------ MATERIAL SHOWN

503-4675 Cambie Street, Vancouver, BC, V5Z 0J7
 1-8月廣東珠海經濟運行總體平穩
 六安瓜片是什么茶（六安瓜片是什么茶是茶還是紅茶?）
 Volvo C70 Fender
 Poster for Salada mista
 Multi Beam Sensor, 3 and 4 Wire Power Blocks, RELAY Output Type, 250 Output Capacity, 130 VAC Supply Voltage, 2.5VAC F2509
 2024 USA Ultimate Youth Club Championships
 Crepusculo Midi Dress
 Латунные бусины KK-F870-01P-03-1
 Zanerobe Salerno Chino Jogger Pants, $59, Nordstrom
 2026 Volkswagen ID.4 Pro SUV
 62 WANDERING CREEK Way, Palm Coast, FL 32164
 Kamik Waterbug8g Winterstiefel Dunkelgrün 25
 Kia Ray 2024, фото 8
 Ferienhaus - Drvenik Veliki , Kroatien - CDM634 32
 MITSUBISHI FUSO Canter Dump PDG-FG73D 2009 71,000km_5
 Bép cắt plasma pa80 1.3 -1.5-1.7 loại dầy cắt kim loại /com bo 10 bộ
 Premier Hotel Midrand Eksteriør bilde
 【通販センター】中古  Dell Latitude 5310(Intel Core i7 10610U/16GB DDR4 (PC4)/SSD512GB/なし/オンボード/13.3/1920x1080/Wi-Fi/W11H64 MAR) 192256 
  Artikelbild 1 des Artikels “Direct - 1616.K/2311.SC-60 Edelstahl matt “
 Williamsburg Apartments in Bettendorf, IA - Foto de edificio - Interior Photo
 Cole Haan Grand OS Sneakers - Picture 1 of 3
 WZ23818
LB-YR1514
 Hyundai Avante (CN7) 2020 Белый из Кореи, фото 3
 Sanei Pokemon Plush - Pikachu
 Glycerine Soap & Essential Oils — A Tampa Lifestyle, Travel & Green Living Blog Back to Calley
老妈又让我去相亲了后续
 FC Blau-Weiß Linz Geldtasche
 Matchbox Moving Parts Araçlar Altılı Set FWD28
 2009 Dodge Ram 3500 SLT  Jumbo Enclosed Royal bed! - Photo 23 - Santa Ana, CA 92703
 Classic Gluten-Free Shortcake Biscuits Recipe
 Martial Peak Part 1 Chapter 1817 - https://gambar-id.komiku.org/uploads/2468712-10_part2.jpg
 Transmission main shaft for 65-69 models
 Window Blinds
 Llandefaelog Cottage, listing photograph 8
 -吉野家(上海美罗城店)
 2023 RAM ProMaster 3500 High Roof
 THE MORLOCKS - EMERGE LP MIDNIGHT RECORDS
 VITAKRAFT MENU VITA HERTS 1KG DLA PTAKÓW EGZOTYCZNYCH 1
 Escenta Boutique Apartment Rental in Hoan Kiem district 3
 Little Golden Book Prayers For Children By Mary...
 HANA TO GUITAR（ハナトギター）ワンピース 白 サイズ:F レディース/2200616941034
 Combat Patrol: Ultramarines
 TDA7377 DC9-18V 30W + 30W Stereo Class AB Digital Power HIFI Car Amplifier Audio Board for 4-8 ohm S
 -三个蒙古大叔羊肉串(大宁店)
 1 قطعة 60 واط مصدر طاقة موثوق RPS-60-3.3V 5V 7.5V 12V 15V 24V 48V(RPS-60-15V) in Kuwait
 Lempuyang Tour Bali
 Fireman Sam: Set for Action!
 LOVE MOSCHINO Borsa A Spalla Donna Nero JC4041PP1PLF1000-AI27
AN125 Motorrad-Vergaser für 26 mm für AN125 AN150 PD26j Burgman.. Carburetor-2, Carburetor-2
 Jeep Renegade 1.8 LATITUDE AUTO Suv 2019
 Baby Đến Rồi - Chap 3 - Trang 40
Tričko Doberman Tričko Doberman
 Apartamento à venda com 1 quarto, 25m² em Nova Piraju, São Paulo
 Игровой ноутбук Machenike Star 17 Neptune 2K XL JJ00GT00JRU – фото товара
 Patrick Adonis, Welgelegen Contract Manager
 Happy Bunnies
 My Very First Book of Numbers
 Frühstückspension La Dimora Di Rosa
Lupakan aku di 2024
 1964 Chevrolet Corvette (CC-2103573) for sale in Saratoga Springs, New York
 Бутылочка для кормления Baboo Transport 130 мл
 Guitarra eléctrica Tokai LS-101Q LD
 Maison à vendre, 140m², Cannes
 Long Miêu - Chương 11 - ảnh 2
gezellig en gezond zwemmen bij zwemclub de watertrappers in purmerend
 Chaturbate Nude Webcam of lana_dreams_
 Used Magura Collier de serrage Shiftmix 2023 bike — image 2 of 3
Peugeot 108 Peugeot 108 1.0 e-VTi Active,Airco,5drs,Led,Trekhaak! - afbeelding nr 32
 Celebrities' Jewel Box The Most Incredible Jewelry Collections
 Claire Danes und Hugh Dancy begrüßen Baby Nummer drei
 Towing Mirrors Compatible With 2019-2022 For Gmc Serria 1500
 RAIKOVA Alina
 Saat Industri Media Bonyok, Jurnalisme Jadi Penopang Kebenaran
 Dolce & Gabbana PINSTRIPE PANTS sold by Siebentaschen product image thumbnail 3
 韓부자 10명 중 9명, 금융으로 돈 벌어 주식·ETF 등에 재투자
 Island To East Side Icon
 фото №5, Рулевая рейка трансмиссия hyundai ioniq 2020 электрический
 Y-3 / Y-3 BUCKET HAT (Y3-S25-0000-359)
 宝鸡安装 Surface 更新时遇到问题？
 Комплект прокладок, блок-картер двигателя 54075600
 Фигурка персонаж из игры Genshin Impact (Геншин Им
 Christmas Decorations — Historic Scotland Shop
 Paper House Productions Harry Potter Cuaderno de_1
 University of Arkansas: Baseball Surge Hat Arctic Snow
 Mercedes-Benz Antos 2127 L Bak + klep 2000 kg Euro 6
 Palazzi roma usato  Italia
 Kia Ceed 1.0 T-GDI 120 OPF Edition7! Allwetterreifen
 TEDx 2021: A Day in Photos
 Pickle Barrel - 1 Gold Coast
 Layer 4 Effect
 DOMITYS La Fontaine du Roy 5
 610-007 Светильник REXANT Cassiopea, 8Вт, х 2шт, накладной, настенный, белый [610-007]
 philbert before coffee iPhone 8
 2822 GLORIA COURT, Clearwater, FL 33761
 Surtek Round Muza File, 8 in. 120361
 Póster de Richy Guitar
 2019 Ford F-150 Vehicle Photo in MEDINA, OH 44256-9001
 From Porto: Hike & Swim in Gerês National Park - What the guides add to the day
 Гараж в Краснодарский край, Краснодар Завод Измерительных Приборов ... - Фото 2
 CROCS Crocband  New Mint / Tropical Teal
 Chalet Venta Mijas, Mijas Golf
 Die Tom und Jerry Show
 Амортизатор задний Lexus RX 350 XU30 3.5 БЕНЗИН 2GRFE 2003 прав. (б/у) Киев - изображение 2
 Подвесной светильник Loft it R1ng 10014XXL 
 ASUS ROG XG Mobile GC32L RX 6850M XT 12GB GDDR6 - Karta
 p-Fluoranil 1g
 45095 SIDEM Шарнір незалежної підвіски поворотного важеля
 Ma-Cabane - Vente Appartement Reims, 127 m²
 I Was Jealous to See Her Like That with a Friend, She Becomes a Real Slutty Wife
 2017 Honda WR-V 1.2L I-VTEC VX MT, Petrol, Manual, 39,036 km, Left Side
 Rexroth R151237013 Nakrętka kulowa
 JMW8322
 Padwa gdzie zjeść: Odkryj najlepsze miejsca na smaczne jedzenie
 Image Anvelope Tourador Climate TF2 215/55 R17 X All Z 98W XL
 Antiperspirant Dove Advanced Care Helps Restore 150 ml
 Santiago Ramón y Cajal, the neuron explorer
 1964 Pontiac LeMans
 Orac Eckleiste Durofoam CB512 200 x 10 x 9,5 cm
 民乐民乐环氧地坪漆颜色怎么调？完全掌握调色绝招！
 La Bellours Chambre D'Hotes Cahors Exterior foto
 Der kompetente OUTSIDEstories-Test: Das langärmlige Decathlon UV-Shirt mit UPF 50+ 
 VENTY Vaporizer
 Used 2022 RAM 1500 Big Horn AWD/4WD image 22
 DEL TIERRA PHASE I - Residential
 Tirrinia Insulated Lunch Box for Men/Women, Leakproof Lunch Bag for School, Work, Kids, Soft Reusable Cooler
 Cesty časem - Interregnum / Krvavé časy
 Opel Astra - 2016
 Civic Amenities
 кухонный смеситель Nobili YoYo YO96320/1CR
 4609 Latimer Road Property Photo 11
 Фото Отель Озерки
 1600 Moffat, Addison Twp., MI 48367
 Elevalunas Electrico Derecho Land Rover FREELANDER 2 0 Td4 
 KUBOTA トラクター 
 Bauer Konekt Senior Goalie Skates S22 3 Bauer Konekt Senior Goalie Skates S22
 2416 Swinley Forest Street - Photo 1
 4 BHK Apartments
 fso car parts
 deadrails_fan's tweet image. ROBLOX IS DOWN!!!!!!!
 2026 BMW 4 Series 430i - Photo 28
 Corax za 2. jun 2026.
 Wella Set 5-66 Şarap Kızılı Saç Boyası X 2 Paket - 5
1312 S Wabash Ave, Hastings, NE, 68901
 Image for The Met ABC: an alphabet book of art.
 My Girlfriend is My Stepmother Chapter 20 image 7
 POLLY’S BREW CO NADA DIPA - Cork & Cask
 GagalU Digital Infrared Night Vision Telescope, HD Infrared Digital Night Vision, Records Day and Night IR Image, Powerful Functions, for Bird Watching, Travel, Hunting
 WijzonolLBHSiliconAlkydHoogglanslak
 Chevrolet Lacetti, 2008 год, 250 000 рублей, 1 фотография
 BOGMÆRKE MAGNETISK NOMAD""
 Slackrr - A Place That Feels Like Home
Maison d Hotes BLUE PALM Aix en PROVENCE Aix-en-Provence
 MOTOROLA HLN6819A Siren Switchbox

------------

* TASK TO CARRY OUT: Repeat word for word the lines above that run from the line containing "610-007 Светильник REXANT" through the line containing "45095 SIDEM Шарнір", both ends included, and nothing else.

* SOLUTION:
 610-007 Светильник REXANT Cassiopea, 8Вт, х 2шт, накладной, настенный, белый [610-007]
 philbert before coffee iPhone 8
 2822 GLORIA COURT, Clearwater, FL 33761
 Surtek Round Muza File, 8 in. 120361
 Póster de Richy Guitar
 2019 Ford F-150 Vehicle Photo in MEDINA, OH 44256-9001
 From Porto: Hike & Swim in Gerês National Park - What the guides add to the day
 Гараж в Краснодарский край, Краснодар Завод Измерительных Приборов ... - Фото 2
 CROCS Crocband  New Mint / Tropical Teal
 Chalet Venta Mijas, Mijas Golf
 Die Tom und Jerry Show
 Амортизатор задний Lexus RX 350 XU30 3.5 БЕНЗИН 2GRFE 2003 прав. (б/у) Киев - изображение 2
 Подвесной светильник Loft it R1ng 10014XXL 
 ASUS ROG XG Mobile GC32L RX 6850M XT 12GB GDDR6 - Karta
 p-Fluoranil 1g
 45095 SIDEM Шарнір незалежної підвіски поворотного важеля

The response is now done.